Chart Of The Week: Mexico ETF Allocations

Published 04/09/2018, 12:36 AM
Updated 07/09/2023, 06:31 AM

This week it's a look at ETF market share - which is basically another way of saying implied country allocations. There are a few standouts across the countries within emerging markets when you look at implied country allocations, but Mexico is a particular standout for a number of reasons.

The chart comes from a report on Mexican Equities where we discussed the valuation picture, cyclical outlook, currency view, and of course the geopolitical aspects. Indeed, just looking at the chart makes you think it could be a contrarian opportunity as the implied allocation has dropped back to GFC levels.

ETF Market Share

A brief note on methodology - for the ETF market share indicator, aka implied asset allocation, what we have done is taken the AUM (assets under management) for all Emerging Market Equity ETFs, for countries only. So it does exclude the AUM of broad or regional emerging market ETFs - which allocate based on an index i.e. run passive allocations, so aren't necessarily representative of any active decision or sentiment process. And then it's simply looking at AUM by country against all EM country ETF AUM... i.e. ETF market share or implied country allocation.

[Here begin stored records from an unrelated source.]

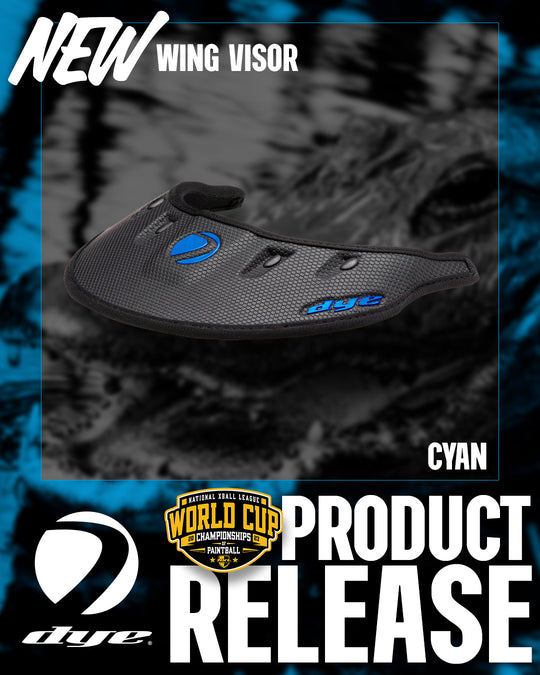 Visor Wing i4/i5 Black/Cyan - Shipping Now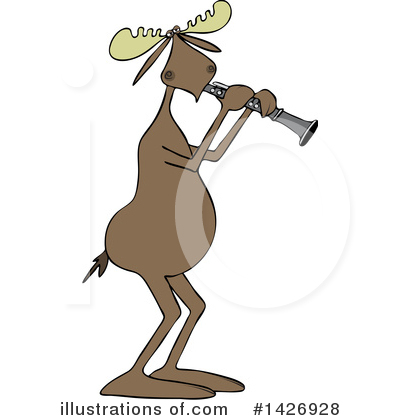 Royalty-Free (RF) Moose Clipart Illustration by djart - Stock Sample #1426928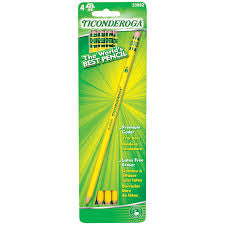 TICONDEROGA 4ct Pencils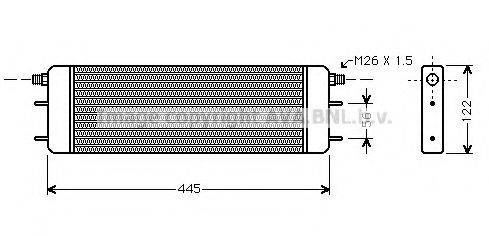 AVA QUALITY COOLING MS3139 масляний радіатор, моторне масло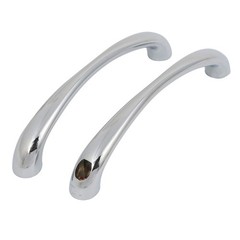 1 Pair 145 mm Hole Center Zinc Alloy Door Handle Back to Back Polished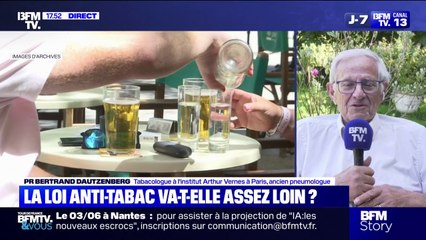 Interdiction de la cigarette: "Je suis déçu que les terrasses ne soient pas incluses, c'est uniquement un effet des lobbies", explique ce tabacologue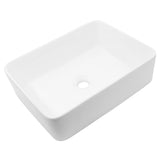 Nantucket Sinks Brant Point 19" Ceramic Bathroom Sink, White, NSV105 - The Sink Boutique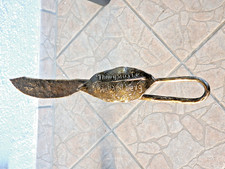 Antiker Metall Messer in den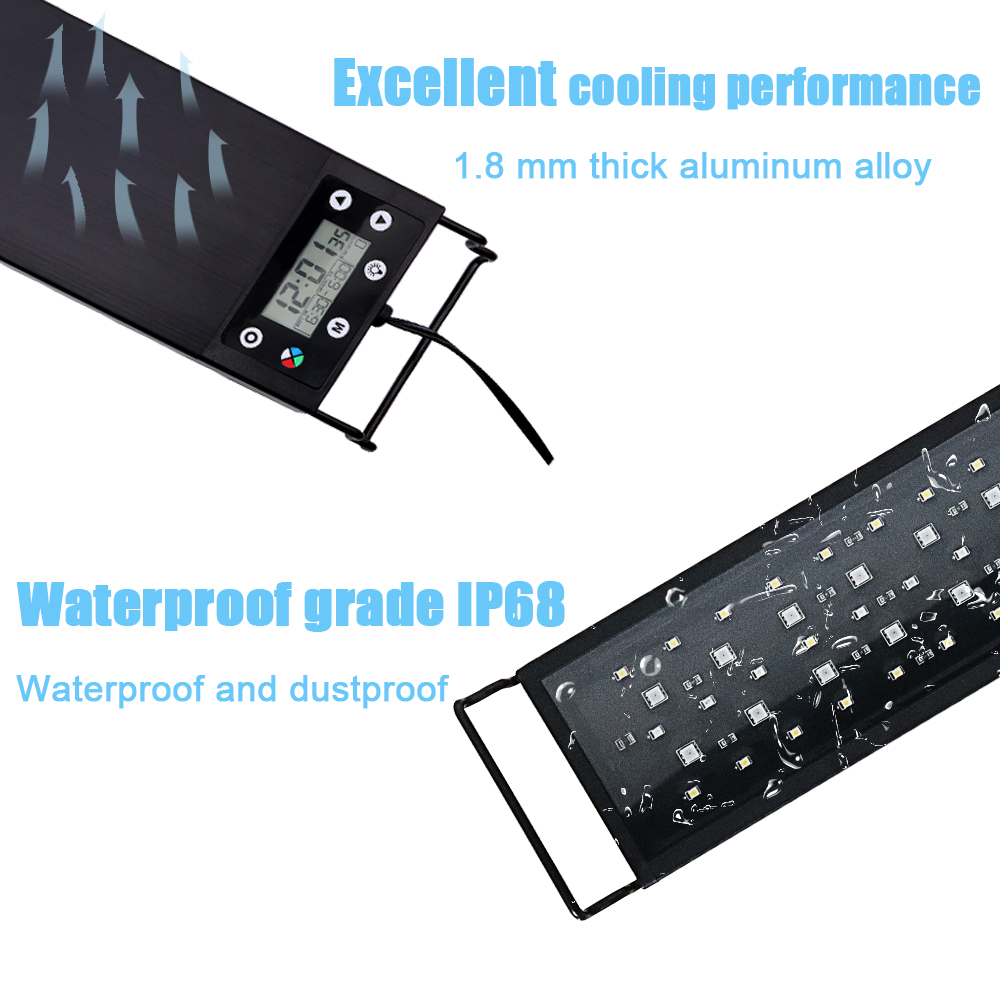 30-60cm Aquarium 24/7 Vollspek – Aquarium Fish Enrichment Bewertung und Preis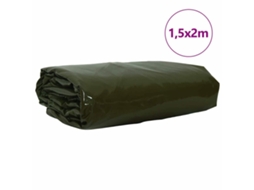 Lona 650g / M² Verde Oliva 1,5 X 2 M Lona Com Revestimento Em Pvc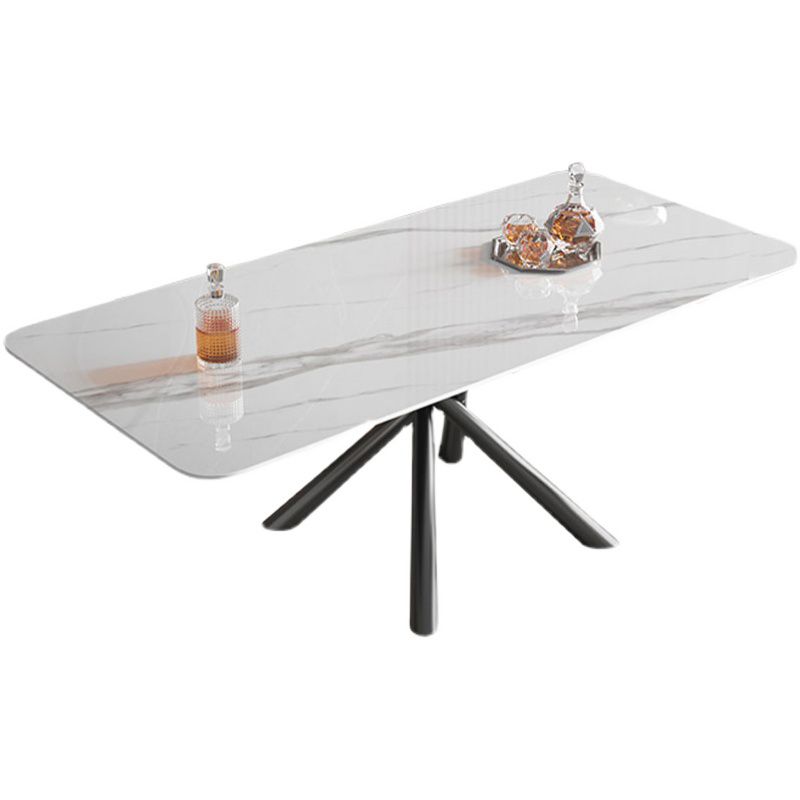 Contemporary 1/3/4/5/6 Pieces Dinette Set Rectangle Dining Room Table with Leather Chairs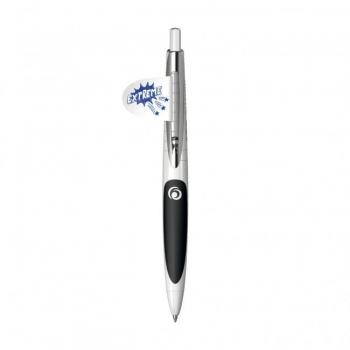 Herlitz my.pen M Kugelschreiber Gel 3er Pack Druckmechanik weiß/schwarz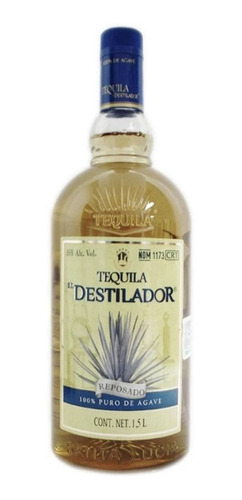Tequila  El Destilador Reposado 1.5 Litros
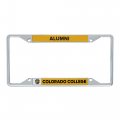 Colorado College Tigers Metal License Plate Frame For Front Or Back Of Car Officially Licensed Alumni 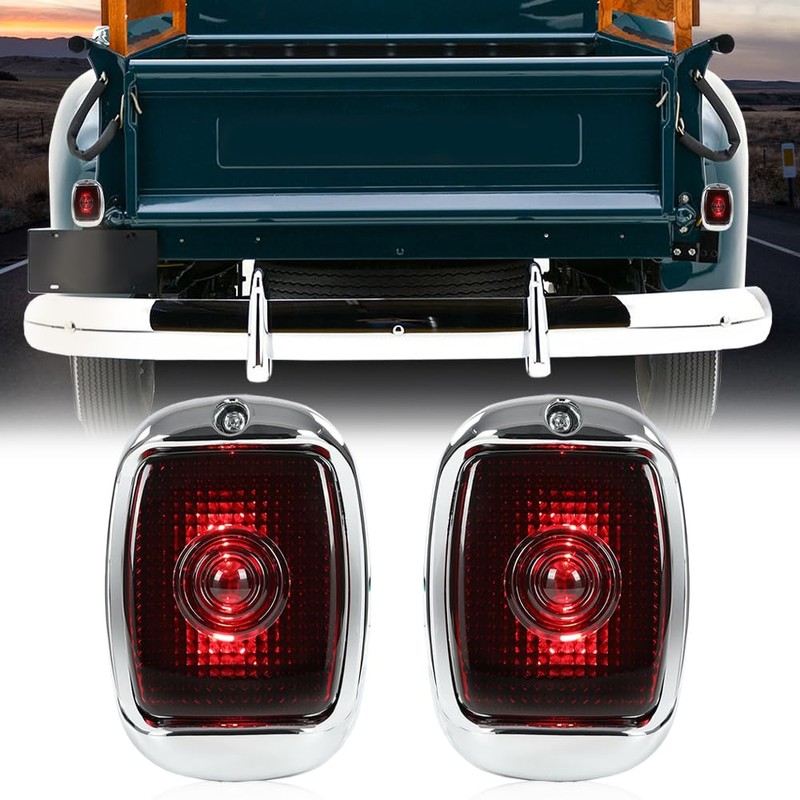 G-PLUS Tail Lights Assembly Rear Lamps Compatible with Chevy First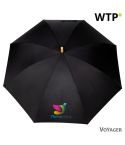 RPET manual umbrella | Keelan, black, V1850-03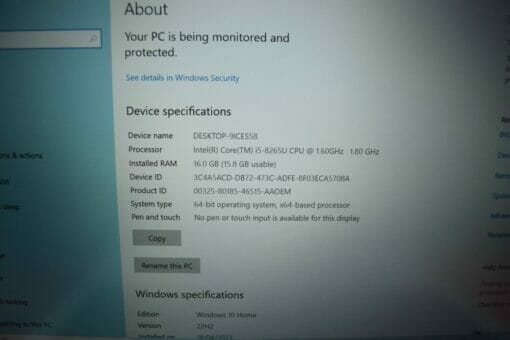 HP Elitebook 840 G6 14" i5 8th Gen RAM 16GB SSD 512GB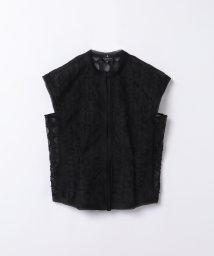 LANVIN COLLECTION(ランバンコレクション（レディス）)/サークルジャカードブラウス/ブラック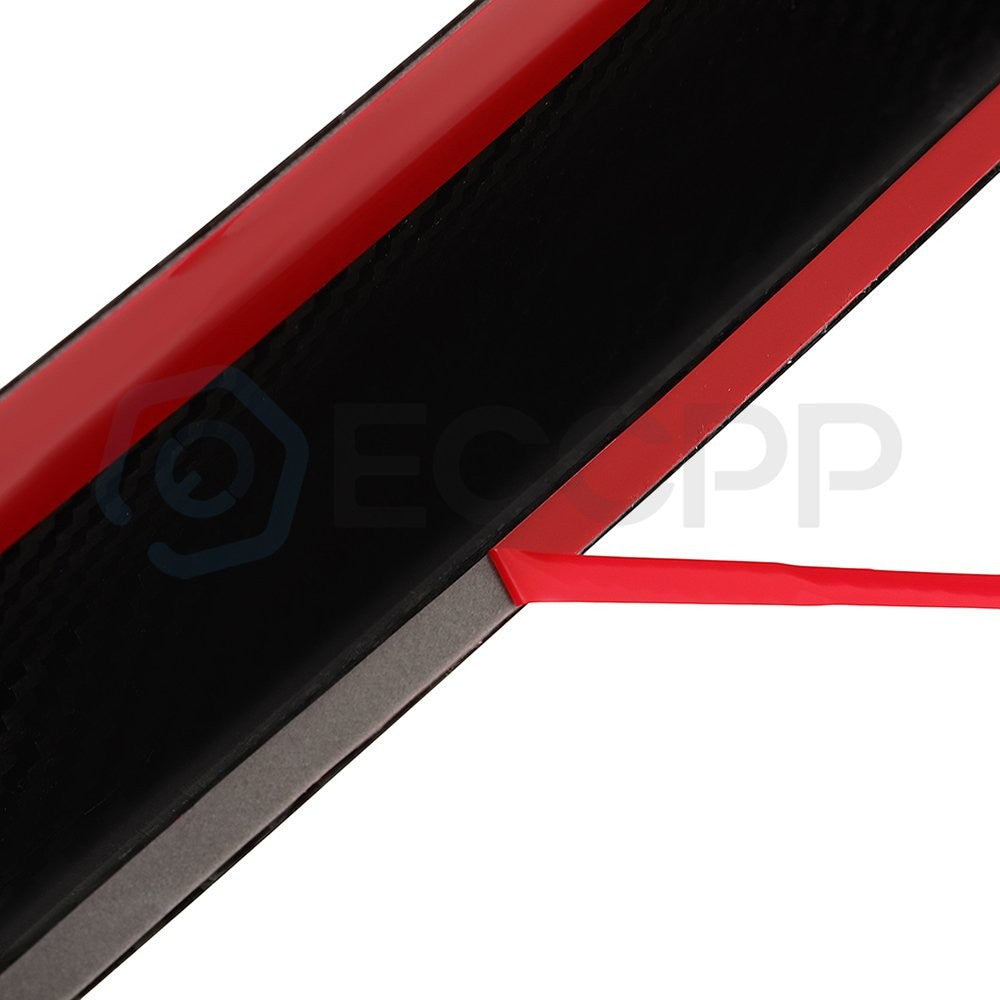 Fits 14-19 BMW F32 4 Series Coupe Rear Trunk Spoiler Wing Glossy Carbon Fiber 6B93BC-57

As for the so-what, when you think about country allocations like this what we are looking for is extremes. We are looking for either what might be "crowded trades", or "under-owned" situations. Basically looking at it as a potential contrarian signal... a signal which will either source an initial idea that undergoes additional analysis to build a well rounded investment thesis, or a signal which complements an existing case. For Mexico it's a bit of both, and when you think about the damage done to Mexican stocks by all the politics and the risk around NAFTA, at least on first glance it looks pretty interesting.